Bikes are nothing wrong. It’s just old stock bikes.
I don’t think they will let you pick up your bike from their warehouse.
many of companies do not allow personal pickup from their warehouse because of security issue.
bikes are really well packed so you don’t need to worry about it.
if you are really concerning about warranty, you can buy bulls bikes from their website directly (bullsbikeusa.com). they will offer a warranty but prices are much higher even though they currently have 50% off deal. Night hawk 1 is listed $2300 so it will be $1150.
unfortunately, you might need to pay tax since they are in CA...
somewhat reason, they refuse to say eBay seller is bulls bike but looks like eBay seller is bulls bike haha.
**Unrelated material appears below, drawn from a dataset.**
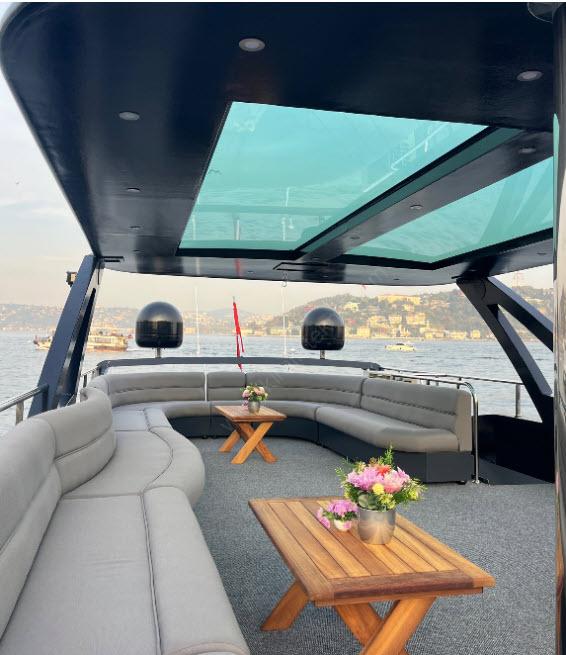 Yacht Gallery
I was concerning that these bikes might be demo but as soon as I opened the box, it was brand new bike. 
The reason for multiple same feedback is.... buying multiple bikes from same buyers.
everyone was very doubtful that the price is hard to believe. Early buyers started to have decent reviews and people started to buy their bikes then same buyer bought more expensive bikes or buying for friends or wife.

BTW I think every bike Warranty does not cover wearable items such as tire, tube cable etc.

good luck with your decision and let me know if you have any question regarding on bulls bike.


----------



## mcs001 (Aug 28, 2018)

Thanks for the reply. Yes, I just looked at the Bulls bikes on the manufacturer's web site and they sure look nice! I'm in CA so it'll cost me an additional 10% in tax if I buy from bbcalameda!






PoorInRichfield said:


> I think I might rescind my original recommendation and second *Kimguroo's *vote for one of those BULLS bikes on eBay (especially if you wait for an eBay coupon)!
> 
> I have no idea if the BULLS frame set is any good, but those prices are extremely good for a carbon framed bike with Shimano 105 and Ultegra group sets. Until you know you like road riding, stick with the Shimano 105 equipped bike... it's a great group set that'll last as long as you care to own it.


----------



## Kimguroo (Aug 21, 2018)

mcs001 said:


> Wow, very nice bike there! Thanks for the pic.
> 
> Thanks for your post, I never knew to look at the gears!!! There are hilly streets around my area that I like to try one day so now I need to look at the gearing too! Thank you!
> 
> ...


Honestly, This is my first road bike and still learning how to ride better.
I am really bad at right gearing especially cross chain shifting and late gear shifting haha
When I got the bike, I had no idea of gearing too then When I started to ride steep hills, I immediately knew I need more easier way to ride. My MTBs has triple crankset and especially 29er is much easier to ride steep hills then I looked at my gear.
bit surprised with 50/34 and 11-25 cassette. Still not sure I will be okay with 11-30 cassette. Just don’t want to spend extra money to buy 11-32 cassette and new medium rear derailleur. 
As soon as I reached middle of steep hill area, I was in 25 cog and no where to go.
even I thought about stopping. Embarrassingly one lady passed by me then I thought I need to change something then started to search more so changing cassette might be cheapest and easiest thing to do first.


----------



## mcs001 (Aug 28, 2018)

THank you so much for your reply. You are right, on this page of BULLS bike web site it even has a link directly to bbcalameda on eBay:

https://www.bullsbikesusa.com/demo-bikes-available-now-pg-37.html?CDpath=4

It was listed under "demo bikes" though.

Thanks again. 



Kimguroo said:


> Bikes are nothing wrong. It’s just old stock bikes.
> I don’t think they will let you pick up your bike from their warehouse.
> many of companies do not allow personal pickup from their warehouse because of security issue.
> bikes are really well packed so you don’t need to worry about it.
> ...


----------



## Lombard (May 8, 2014)

mcs001 said:


> Furthermore:
> 
> - I really like to buy from the web and have it shipped to my house, instead of having to deal with a local LBS. It's not really about saving money, but about saving the hassle of having to deal with the LBS people.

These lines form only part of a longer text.